Homing Instinct

A longtime Drew economics professor has returned to the Forest in a new leading role.

By Mary Jo Patterson

Vivian A. Bull has spent a good part of her life in faraway places. But her heart was never far from Drew, where she first arrived as a faculty wife, then became a professor of economics and later an associate dean. After more than three decades at Drew, she left to become president of Linfield College. Now Bull is back at Drew as president for the interim term, while the university board of trustees searches for a permanent successor to former President Robert Weisbuch.

She relishes both the homecoming and the challenge. “At this particular time of my life, this is a calling, and I am delighted to be of help,” she said in an interview soon after her official duties began July 1. “You know, there’s something about Drew. It has a way of becoming part of the people associated with it.”

The Bulls in 1964 at Drew’s McCormick Archaeological Expedition in Jordan.

She would know. Her husband, Robert, a professor emeritus of church history and an archaeologist, taught at the Theological School for 37 years. One of their two sons, Camper, is a 1991 graduate of the College of Liberal Arts and president of its alumni association. The Bulls did not give up their home in Madison when President Bull went off to Linfield, an American Baptist–related school in McMinnville, Ore. While she was at Linfield, from 1992 to 2005, she says, “Bob commuted back and forth as his research materials were all at Drew.”

Yet her roots lie elsewhere. Bull grew up amid the rural beauty of Michigan’s Upper Peninsula. By high school she hoped to enter the ministry, but the Methodist church was not yet ordaining women. Instead, she graduated from Albion College, where she was the first student to be awarded a Fulbright Scholarship, and studied international economics at the London School of Economics. “I was sort of completely over my head, in some ways,” she says. “It was a marvelously demanding experience.”

Afterwards Bull traveled for months across North Africa and Europe. In a garden in Jerusalem, she met her future husband. When the Bulls later moved to New Jersey, she worked at Bell Labs, then a hotbed of invention for AT&T, and accepted a part-time job teaching accounting at Drew. The university eventually offered her a full-time position on the condition she get a Ph.D. She earned the degree at New York University, publishing a dissertation that examined the economics of the West Bank after the 1967 Israeli occupation.

The Bull family—Camper ’91, Vivian, Robert and Carlson.

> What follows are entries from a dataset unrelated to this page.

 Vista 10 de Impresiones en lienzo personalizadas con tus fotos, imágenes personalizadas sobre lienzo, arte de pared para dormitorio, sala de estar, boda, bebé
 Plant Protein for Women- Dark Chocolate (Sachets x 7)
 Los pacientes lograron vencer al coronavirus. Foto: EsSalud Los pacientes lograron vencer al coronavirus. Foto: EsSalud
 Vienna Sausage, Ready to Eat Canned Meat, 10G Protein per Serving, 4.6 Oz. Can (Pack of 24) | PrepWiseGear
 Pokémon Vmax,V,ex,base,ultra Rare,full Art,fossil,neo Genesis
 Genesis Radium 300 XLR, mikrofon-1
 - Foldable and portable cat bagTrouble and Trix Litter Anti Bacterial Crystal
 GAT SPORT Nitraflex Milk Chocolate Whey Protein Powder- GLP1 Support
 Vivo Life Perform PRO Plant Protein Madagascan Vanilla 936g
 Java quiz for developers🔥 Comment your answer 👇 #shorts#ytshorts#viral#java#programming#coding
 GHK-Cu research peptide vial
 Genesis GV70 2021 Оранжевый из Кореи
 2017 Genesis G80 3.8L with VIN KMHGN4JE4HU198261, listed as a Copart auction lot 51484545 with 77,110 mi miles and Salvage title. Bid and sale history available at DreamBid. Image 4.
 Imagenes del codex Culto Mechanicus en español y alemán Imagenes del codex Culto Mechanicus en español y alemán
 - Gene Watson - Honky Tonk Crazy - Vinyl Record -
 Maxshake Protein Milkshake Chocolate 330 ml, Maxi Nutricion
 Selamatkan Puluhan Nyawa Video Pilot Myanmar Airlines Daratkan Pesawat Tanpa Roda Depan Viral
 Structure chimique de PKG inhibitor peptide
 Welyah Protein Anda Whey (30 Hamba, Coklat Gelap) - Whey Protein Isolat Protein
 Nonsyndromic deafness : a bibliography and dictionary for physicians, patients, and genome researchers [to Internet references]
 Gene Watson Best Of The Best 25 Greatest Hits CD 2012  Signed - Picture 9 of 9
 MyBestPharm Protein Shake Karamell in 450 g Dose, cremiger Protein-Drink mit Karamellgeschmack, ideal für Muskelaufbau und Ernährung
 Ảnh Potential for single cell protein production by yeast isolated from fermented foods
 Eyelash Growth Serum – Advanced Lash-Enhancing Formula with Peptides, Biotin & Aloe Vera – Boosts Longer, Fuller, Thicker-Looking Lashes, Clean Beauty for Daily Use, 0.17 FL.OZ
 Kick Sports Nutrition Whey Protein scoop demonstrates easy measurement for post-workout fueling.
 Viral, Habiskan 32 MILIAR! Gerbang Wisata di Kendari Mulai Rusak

Since retiring from Linfield, Bull has worked and traveled internationally on behalf of the Global Education Fund of the United Methodist Church. In May, after Weisbuch resigned, Drew’s trustees came calling. She hesitated, but not for long. An old friend who emailed her congratulations joked, “Good grief, you’ve failed retirement for the third time.”

The physical transition was easy—Bull lives just six blocks from her new office in Mead Hall—but she expects the coming months to be demanding. “There are some things that need to be done to make Drew as attractive as possible to the kind of president it deserves,” she says. “There are a number of positions we’ll be looking to fill, and we’ll be making sure that finances are in order—all the kind of things you do nonstop in higher education.”

 

One Response to “Homing Instinct”

  1. William James Brown says:

    So we get a family with the acting president, a professor emeritus and the head of the alumni association running the place

    Pretty scary that a liberal arts university would lurch into such as headfast effort to stomp out dissent and disagreement..

    Let’s be blunt, there was a concerted effort by disaffected faculty to oust Weisbuch which combined with the interests of the theology school to produce a large disaffected population.

    The result: Drew University might as well change its name to Northern Methodist; institutionally it has taken a dangerous turn toward returning to its days as a seminary a tragic turn indeed when it was poised just a could of short years ago as the leader in a new American understanding of the liberal arts college in intellectual and economic life.